Harvard University economics professor Dale Jorgenson sees the volatility as part of the mix between short-term and long-term issues related to real estate development.

"There are certain areas where there's already evidence of excess supply, but in major cities like Beijing and Shanghai, it's pretty clear that there's still excess demand," Jorgenson said.

The speculative market is motivated by the price increases that the government is trying to control, creating a volatile environment. Those with household wealth to invest in multiple residences may be swept along on an increasingly bumpy ride.

"I think that underlines the fact that some kind of financial reform is essential," said Jorgenson. "People have to have alternative investment vehicles."

Chinese families are heavily invested in home values, making them sensitive to fears of a decline, said a study by Southwestern University of Finance and Economics in Chengdu, the capital of southwestern Sichuan province.

The study found that China's households have 66 percent of their assets in their homes, The New York Times said.

Savers in traditional banks get little or no return, driving them into property investment. Shadow banks have offered high-yielding instruments, but demand has outstripped the supply, keeping the focus on property and upward pressure on prices.

Collapse unlikely

In his work report, Premier Li vowed to "curb demand for housing for speculation and investment purposes," suggesting new moves to dampen prices may be in the works.

But Jorgenson sees the potential of risk to the financial sector as overblown.

"As to whether there's going to be some kind of grand collapse that will wipe out the financial sector, that's not a realistic possibility," he said.

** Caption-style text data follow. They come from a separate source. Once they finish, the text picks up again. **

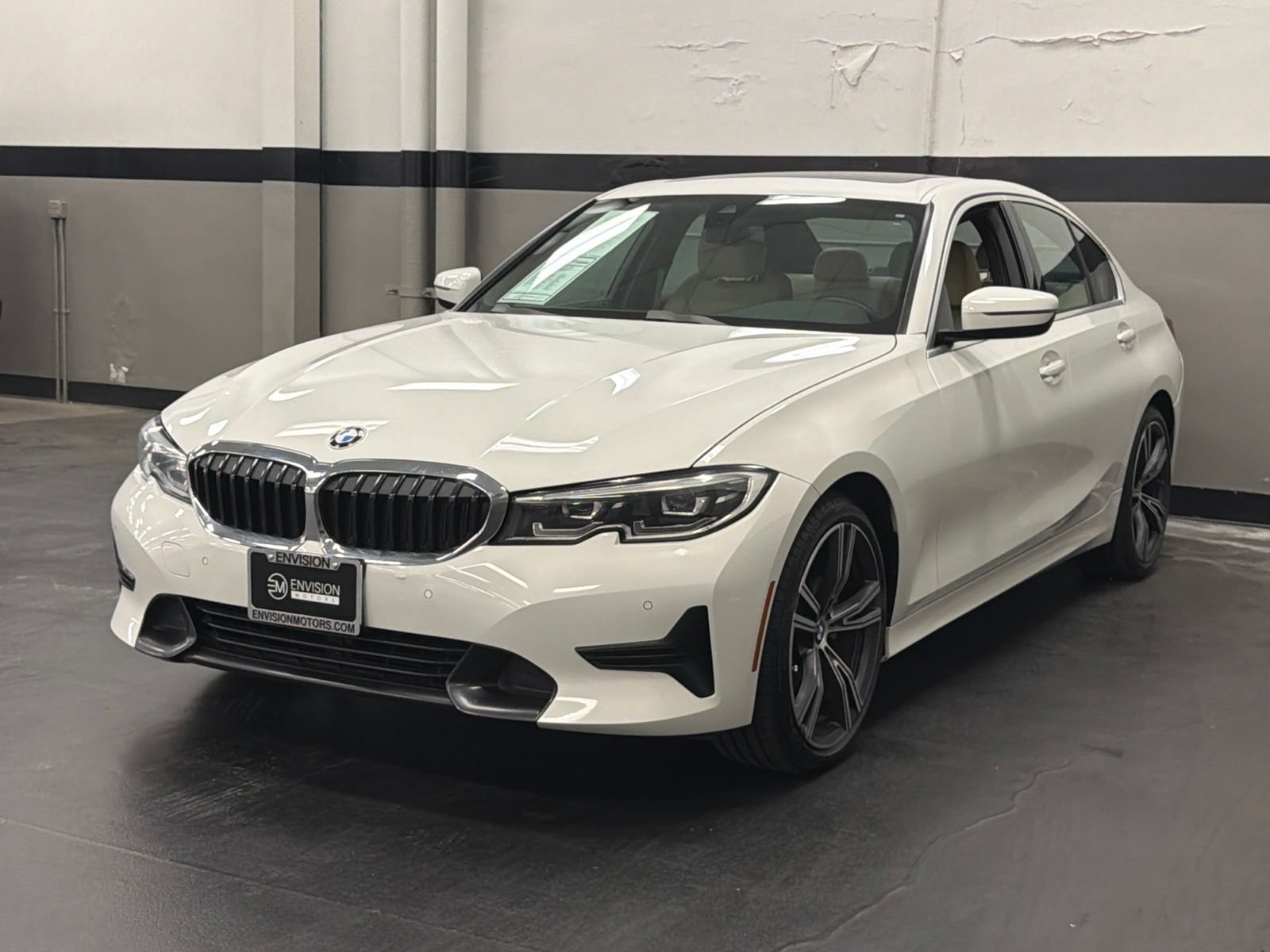 Used 2021 BMW 330i Sedan w/ Convenience Package RWD image 6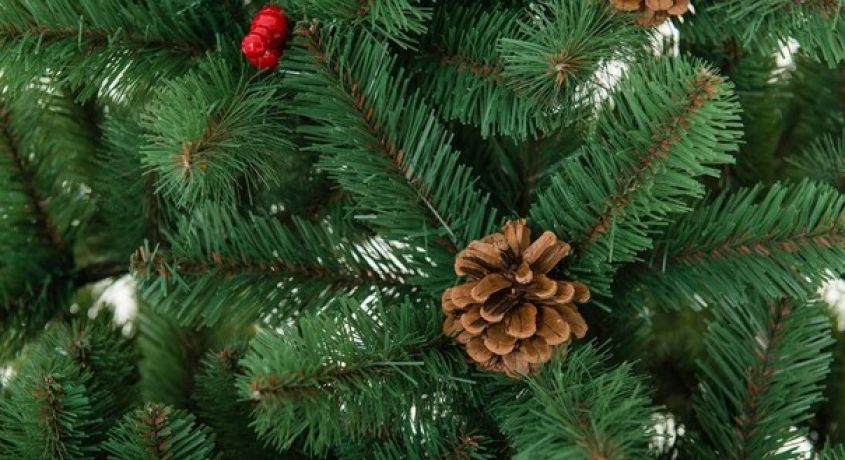 Искусственная новогодняя елка различной высоты с набором шаров для украшения в подарок со скидкой до 54%
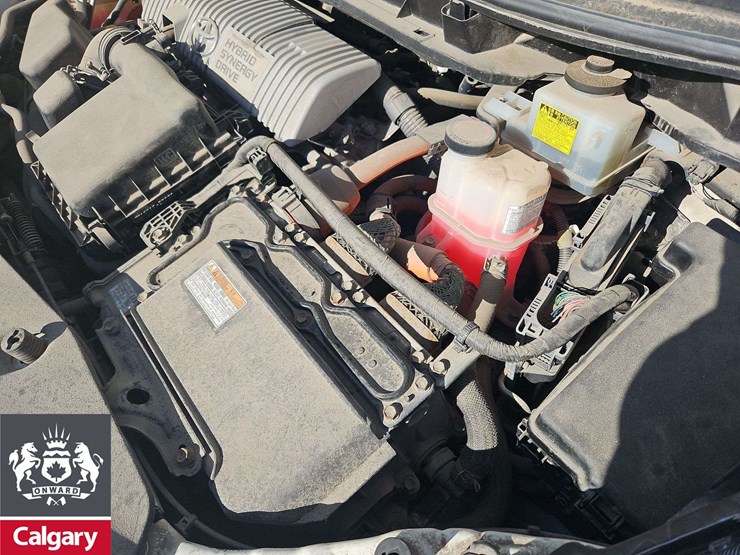 2015-toyota-prius-v-hybrid-4dr-wagon-image-19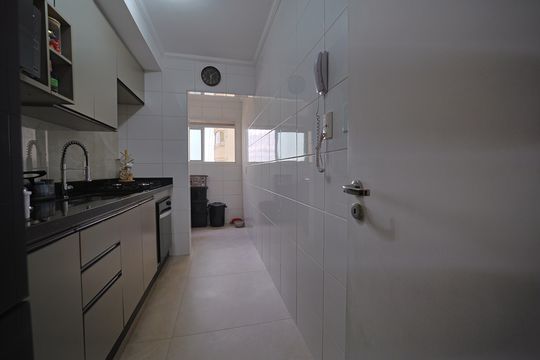 Cozinha de apartamento à venda com 2 quartos, 54m² em Vila Marieta, São Paulo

One reason is that much of shadow banking is only unregulated financing through alternate windows of the mainstream banking system.

In a pinch, investors are betting that the big banks or the Ministry of Finance would step in to keep defaults from spiraling out of control.

That assumption may have been tested last Friday after the government and state banks refused to bail out a heavily-indebted solar cell manufacturer as it defaulted on an interest payment for a 1-billion-yuan (U.S.  $163-million) bond.

The missed payment by Shanghai Chaori Solar Energy Science & Technology Co. marked the first onshore bond default in China, raising questions about how far the government will go in making investors share risk.

"It's an important test to see the workout process and what losses will be incurred by domestic investors" Hans Stoter, chief investment officer at ING Investment Management Co., told Bloomberg. But Stoter said he expects "limited spillover effects."

Bank backing

It is unclear whether the tougher stance toward the fledgling bond market will be reflected in credit policies for housing developers, but state banks are still seen as well-prepared to backstop the financial system.

"The Big Four banks supply the funds ultimately that go through the shadow banking system, including investments by developers in real estate projects," said Jorgenson.

"The question is what kind of shape are the banks in? The answer is the banks are in unbelievably great shape," he said.

The big gap between decontrolled lending rates and controlled deposit rates has made the banks "very, very strong," said Jorgenson, calling China's system "a license to print money."

In December, the former chief economist of the National Bureau of Statistics (NBS) made a now-famous comment on the ease with which the banks have enriched themselves.

"With this kind of operational model, banks will continue making money even if all the bank presidents go home to sleep and you replaced them by putting a small dog in their seats," said Yao Jingyuan, as quoted by the South China Morning Post.

Such a system may reduce the risk of defaults on runaway development from spreading through the financial system and the economy, but it may also provide little relief from price hikes that have made homes unaffordable for would-be buyers.